Latest revision as of 15:04, 23 November 2021

One of the ideas to promote the translation of scientific articles is to create a collaborative translation tool. Producing a good translation needs a several skills, it needs skill in two languages and knowledge about the topic. Such a combination is easier to find in a team and working in a team motivates. People regularly make partial translations and stop when they know enough for themselves. It would be great if others could finish the job.

Existing translation tools

There are already many translation tools, but none really fit this use case. There is machine translation; for many language pairs this works quite well nowadays, but for scientific texts the system may trip up and accuracy is very important. So a machine translation is at best a first draft an expert should have a look at. When this quality is good enough, people will not need a collaborative translation tool, nor a translation published in a repository and findable via our translations database.

There are computer aided translation packages to help (team of) professional translators. These systems work with office file formats and HTML and tend to be proprietary and thus cannot be improved to fit our use case. The break the text up in segments (paragraphs) to be translated piece by piece. They do have many tricks that would be worthwhile to implement in a collaborative system as well, such a databases with phrases to ensure they are consistently translated. Also the data formats can be used as inspiration. The only exception to this rule seems to be OmegaT, a FOSS project coded in Java. A remaining problem could be that such systems are intended for professionals and may have a steep learning curve.

Tools for the translation of software packages (their user interface and documentation) is often collaborative, tends to be easy to use and sometimes even somewhat gamified. In addition these systems are often free software and could thus be improved. This may thus come closest to a collaborative tool for scientific articles, but these tools only work with nicely structured text files for in- and output, while scientific articles will have equations, tables, references, and figures and will often not even be available in a text format, but some sort of PDF file.

Putting it all together

So a collaborative translation tool would live on the internet and combine features of the computer aided translation packages and the software translation packages, while having additional tools to parse article PDFs into a text format and afterwards put the translated article together.

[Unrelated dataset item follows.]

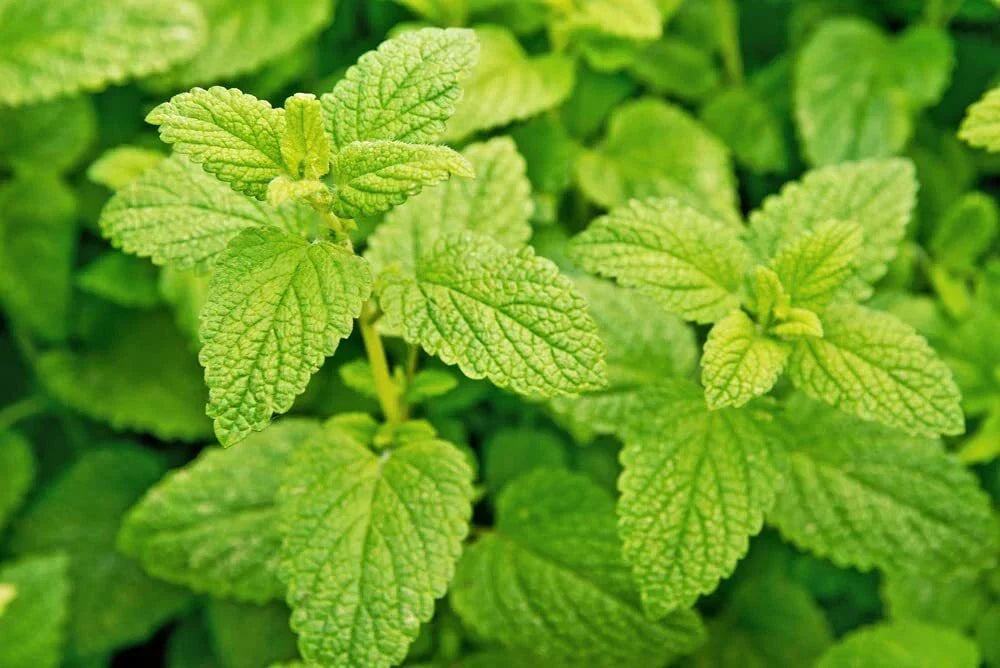 Lemon Balm Seeds - Melissa officinalis - Easy to Grow Herb for Garden Planting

In future Single Source Publishing will make input and output easier and some journals already provide scientific articles in HTML or XML formats, but for now we will also need tools to work with PDFs. For old articles we will even have to work with PDFs that are just scans of paper articles and need OCR.

An internet tool that does this is PaperToHTML. On the Open Science Feed someone mentioned several tools that may work.[1] There is Grobid, which converts the PDF to a very detailed XML format, but may not preserve formatting such as italics. Allen AI, the team behind Semantic Scholar, build on Grobid to create their own tool, which may be easier to use. Also CrossRef has a tool to convert PDFs into JSON called pdfextract. A further option is Cermine. There are also Python tools to extract text from PDFs.

Both for input and output the Swiss knife of document conversions pandoc can be helpful. The same developer has build a scientific MarkDown tool on top of pandoc called Zettlr. Scientific markdown could be a good option as the translation format because it is text, so would work well with existing software for code, while it can handle equations, tables, figures and references natively. There is a also already a collaborative scientific markdown pad.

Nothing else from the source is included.